▶ [Brief]:
Taking only the lines of the data below from the line with "克罗地亚第五号狂想曲钢琴谱_ellocz" to the line with "Lavender Brown 100%", ends included, write them out exactly and without pictures.

▶ [Available data]:
═══
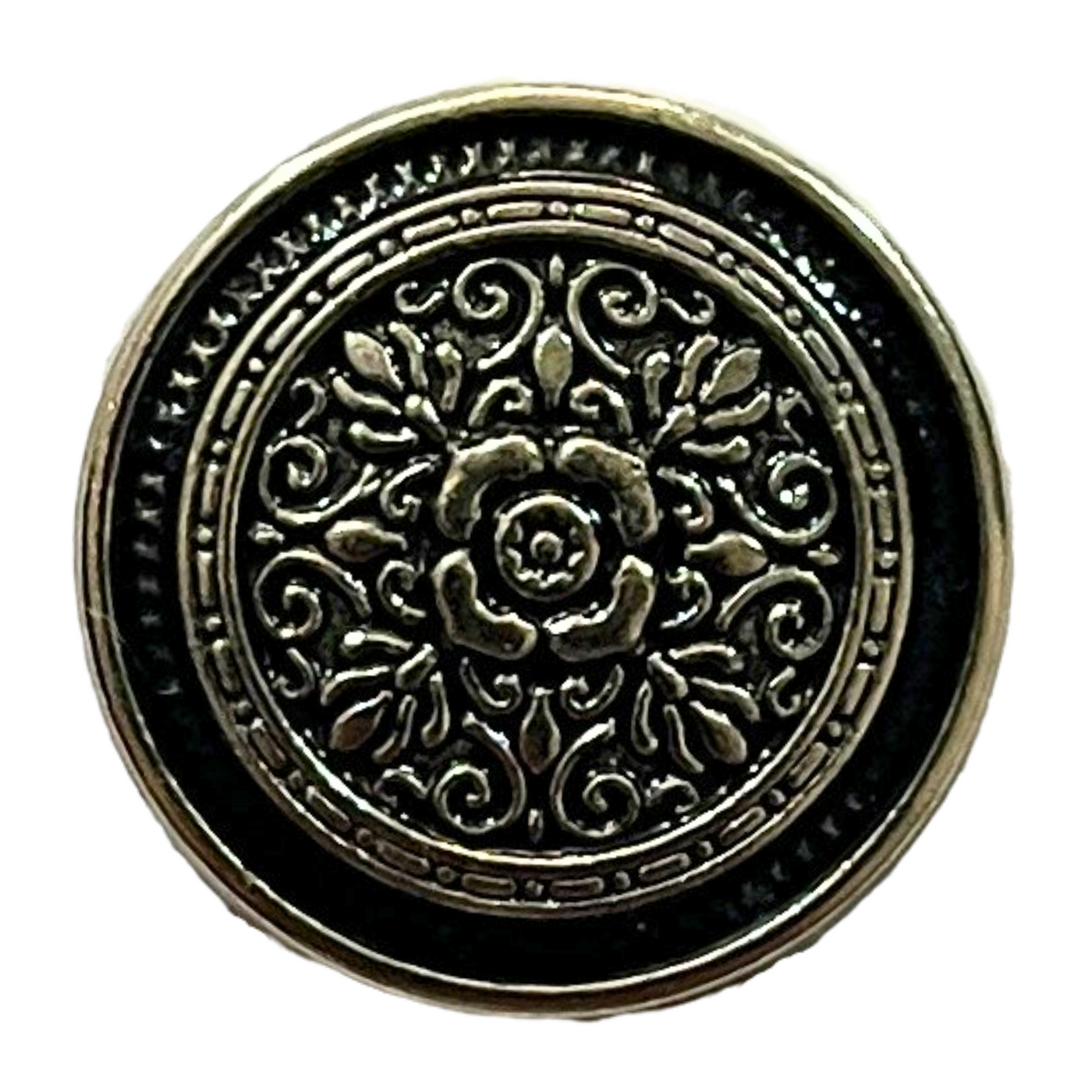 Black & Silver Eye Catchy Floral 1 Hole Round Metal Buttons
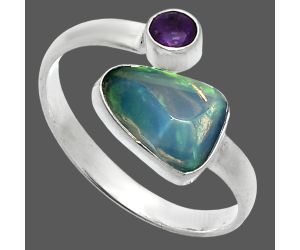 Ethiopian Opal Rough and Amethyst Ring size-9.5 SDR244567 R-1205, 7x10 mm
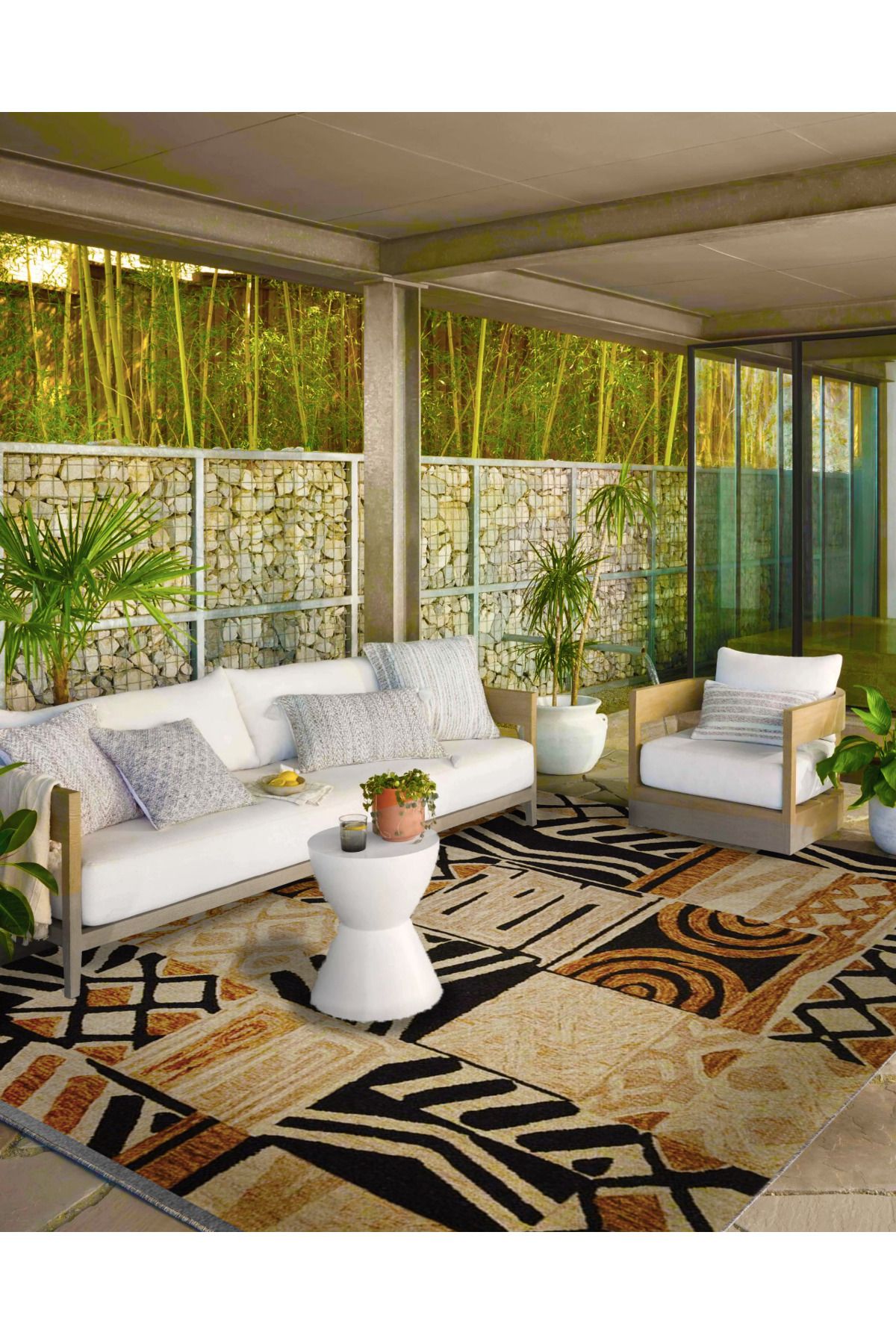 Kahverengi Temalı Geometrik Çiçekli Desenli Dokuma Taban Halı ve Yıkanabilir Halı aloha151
═══
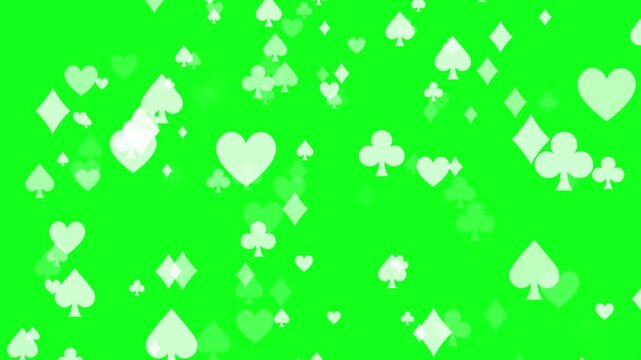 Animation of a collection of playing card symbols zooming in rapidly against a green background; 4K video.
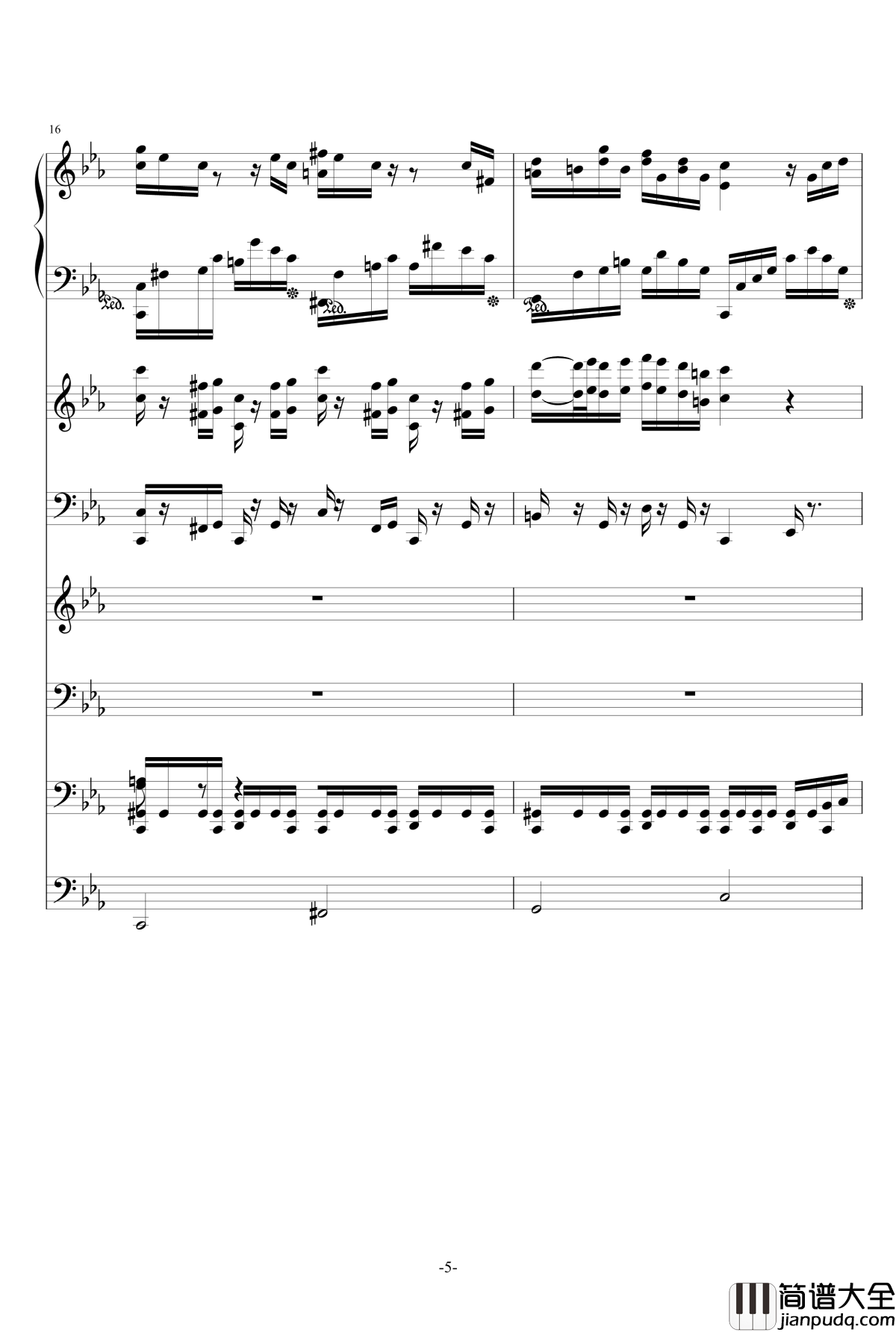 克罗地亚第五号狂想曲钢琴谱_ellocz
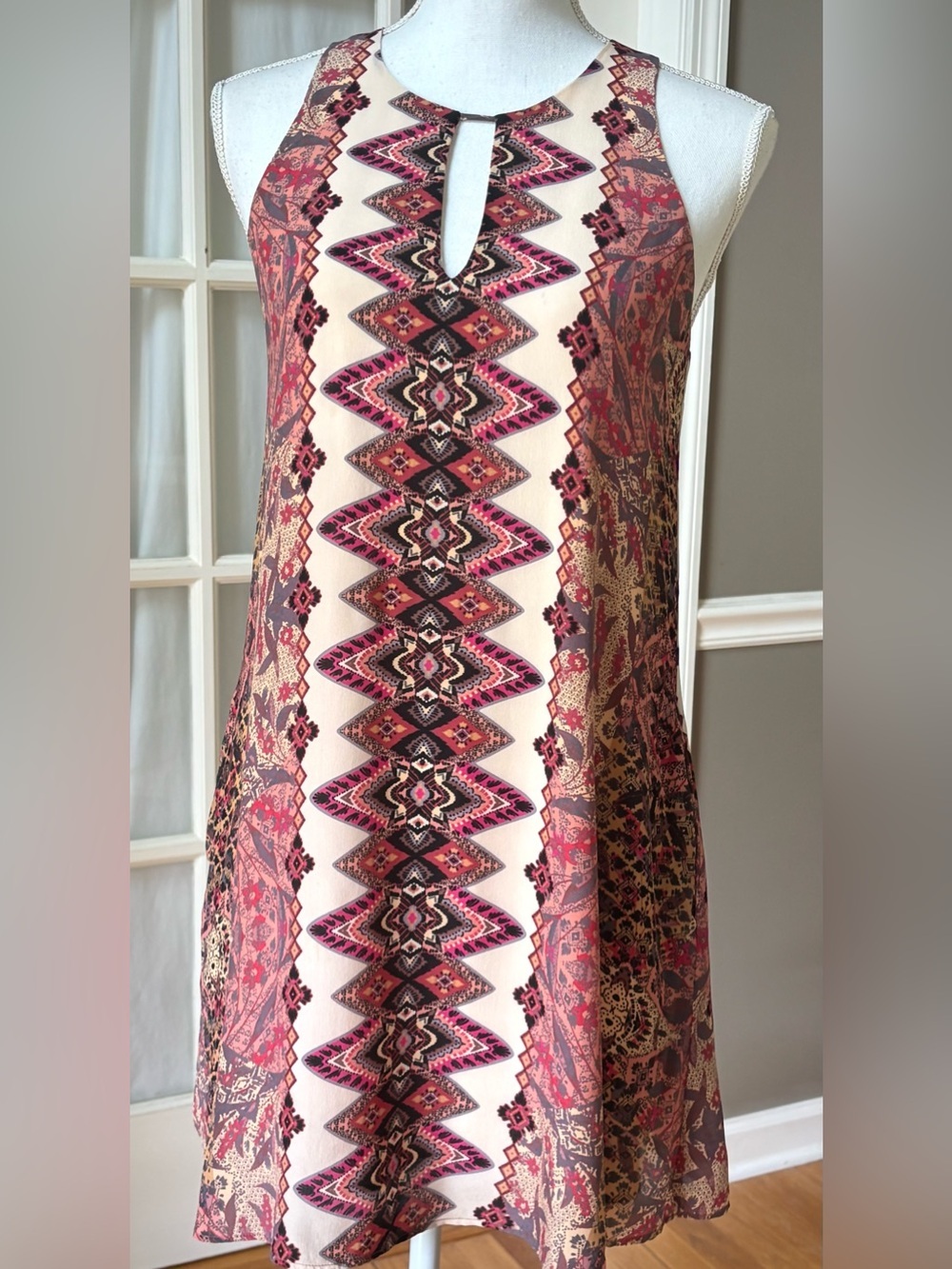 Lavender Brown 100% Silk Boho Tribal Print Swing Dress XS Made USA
═══
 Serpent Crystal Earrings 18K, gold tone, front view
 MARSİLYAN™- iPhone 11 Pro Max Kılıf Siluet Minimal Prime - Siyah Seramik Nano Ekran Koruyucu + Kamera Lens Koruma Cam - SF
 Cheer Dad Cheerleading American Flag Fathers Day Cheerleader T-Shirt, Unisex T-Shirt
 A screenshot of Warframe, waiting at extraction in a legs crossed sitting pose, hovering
═══
▶ [Task solution]:
 克罗地亚第五号狂想曲钢琴谱_ellocz
 Lavender Brown 100% Silk Boho Tribal Print Swing Dress XS Made USA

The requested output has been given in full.